Tra i 13 obiettivi centrati, cinque sono investimenti (pari al 21% del totale) e otto le riforme (pari al 30% del totale). Resta un altro pezzo importante di strada da fare, come è scritto nella relazione presentata ieri in consiglio dei ministri dal sottosegretario alla presidenza del Consiglio Roberto Garofoli e dal ministro dell’Economia Daniele Franco. Che hanno richiamato l’attenzione dei ministri agli impegni da rispettare entro fine anno, evitando ogni ritardo – spiega Il Sole 24 Ore.

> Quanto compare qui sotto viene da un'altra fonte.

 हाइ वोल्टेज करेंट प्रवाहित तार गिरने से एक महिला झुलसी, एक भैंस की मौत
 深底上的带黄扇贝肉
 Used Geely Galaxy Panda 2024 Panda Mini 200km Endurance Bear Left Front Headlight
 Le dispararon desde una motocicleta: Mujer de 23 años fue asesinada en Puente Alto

La relazione dice che il lavoro di attuazione è stato avviato, ma adesso tutti devono correre. Nel paragrafo tre, in particolare, ci sono i prossimi passi da compiere: tutti i ministeri dovranno mettere a punto – è scritto – «un preciso piano di adozione delle riforme e di compiuta realizzazione degli interventi da attuare entro il 31 dicembre 2021, in modo da consentire un costante monitoraggio delle specifiche tappe da rispettare». Una timeline, quindi, con impegni verificabili passo dopo passo.

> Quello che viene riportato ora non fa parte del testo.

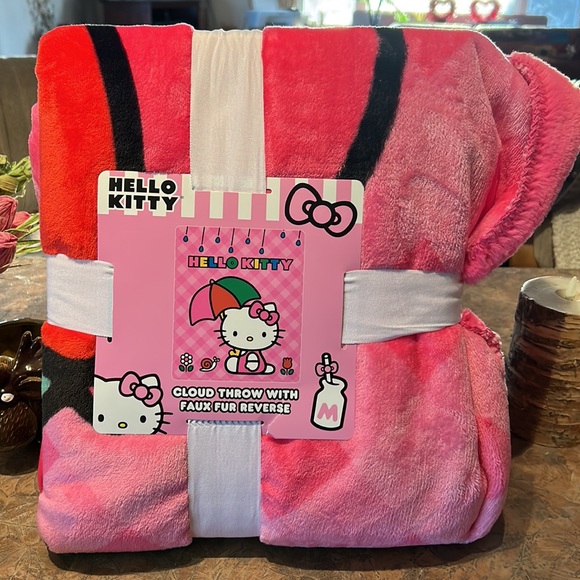 Hello Kitty faux fur reverse huge fluffy blanket - Picture 10 of 11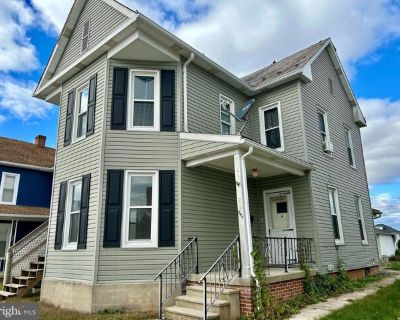 349 North St. This 2 Bedroom Apartment is available for immediate occupancy. Proposed Tenant(s) must complete an online application to be considered by the owner. Washer and Dryer are available in the apartment, however the owner does not give warranty and will not repair or replace them once something happens to them. First month and Security Deposit required at move in. Tenant(s) responsible ...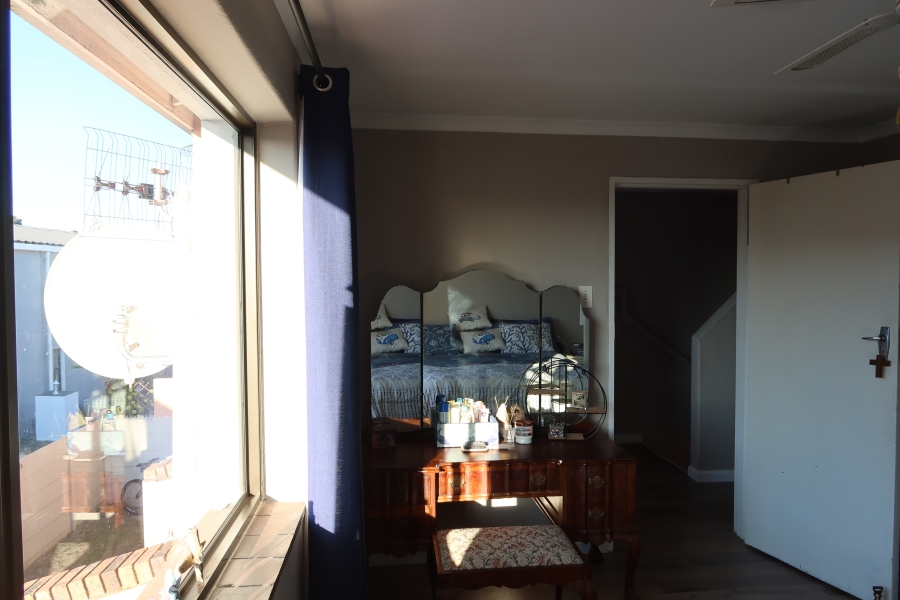 2 Bedroom Property for Sale in Goodwood Park Western Cape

Al 22 settembre, secondo la relazione presentata, il più virtuoso sul fronte degli investimenti è il ministero della Giustizia. La Funzione pubblica di Brunetta ha centrato un obiettivo su due. Un solo traguardo raggiunto anche per lo Sviluppo economico di Giancarlo Giorgetti e gli Esteri Luigi Di Maio. Altri nove ministeri, invece, registrano lavori in corso.
Passando alle riforme, si distinguono il ministro Brunetta con tre obiettivi su tre e la ministra per il Sud di Mara Carfagna, che ha completato il lavoro sulle Zes. Il ministero delle Infrastrutture e delle mobilità sostenibili di Enrico Giovannini è a due riforme su cinque, mentre il ministero dell’Università di Cristina Messa e quello dell’Economia devono completare ancora le due riforme previste. Tre riforme da fare aspettano poi sia la Transizione ecologica di Cingolani sia la Giustizia di Cartabia. Lavori in corso anche per la riforma attesa dal ministero del Lavoro di Andrea Orlando e Anpal sulle politiche attive.

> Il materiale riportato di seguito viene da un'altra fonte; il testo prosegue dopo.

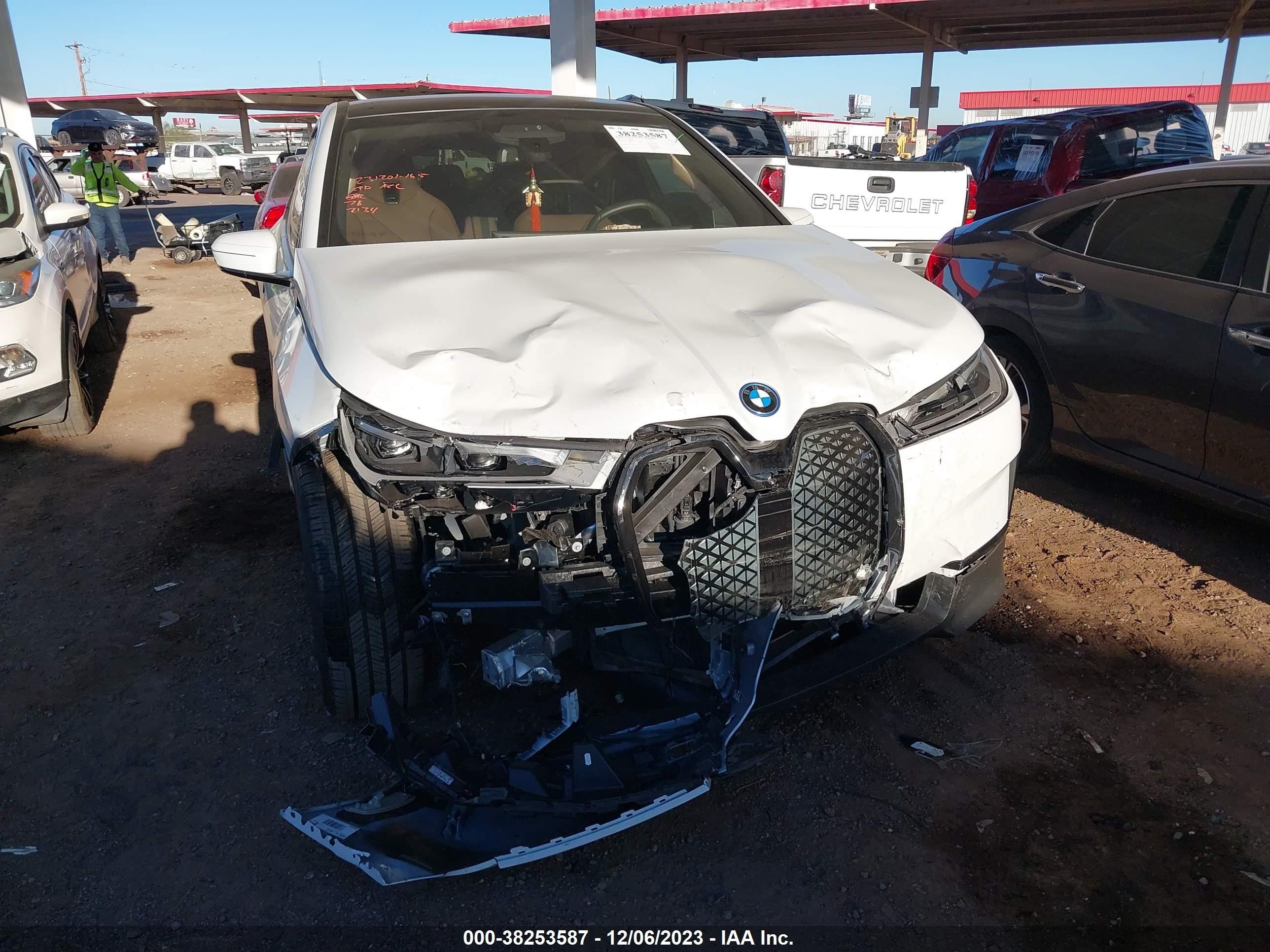 Photo 5 VIN: WB523CF01RCP02134 - BMW IX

Ai ministri si chiede anche «al più presto» una ricognizione di «ulteriori proposte di norme attuative abilitanti ritenute necessarie per proseguire nell’attuazione del Pnrr». La novità è che «a seguito della richiesta di alcune amministrazioni, il governo sta valutando l’adozione di uno o più provvedimenti, nei quali far confluire tutte le norme ritenute necessarie per semplificare e accelerare l’adozione delle misure del Pnrr».
Sarebbe in arrivo, quindi, un nuovo decreto sulle semplificazioni per un ulteriore alleggerimento delle procedure che favorisca il Pnrr.
La prossima settimana, inoltre, si dovrebbe tenere anche la prima riunione della cabina di regia politica. Per questo nella relazione si chiede ai ministeri di «far pervenire nei cinque giorni antecedenti la data di convocazione della cabina di regia» un rapporto che sarà poi illustrato nel corso della riunione. Con lo stato di avanzamento delle riforme e dei progetti che fanno capo all’amministrazione di riferimento, divisi tra 2021 e 2022; l’impostazione che ciascun ministero ritiene di seguire sui principali progetti di competenza; l’individuazione degli ostacoli e delle criticità eventualmente riscontrate sui progetti.
Compiti a casa, insomma. Da fare subito.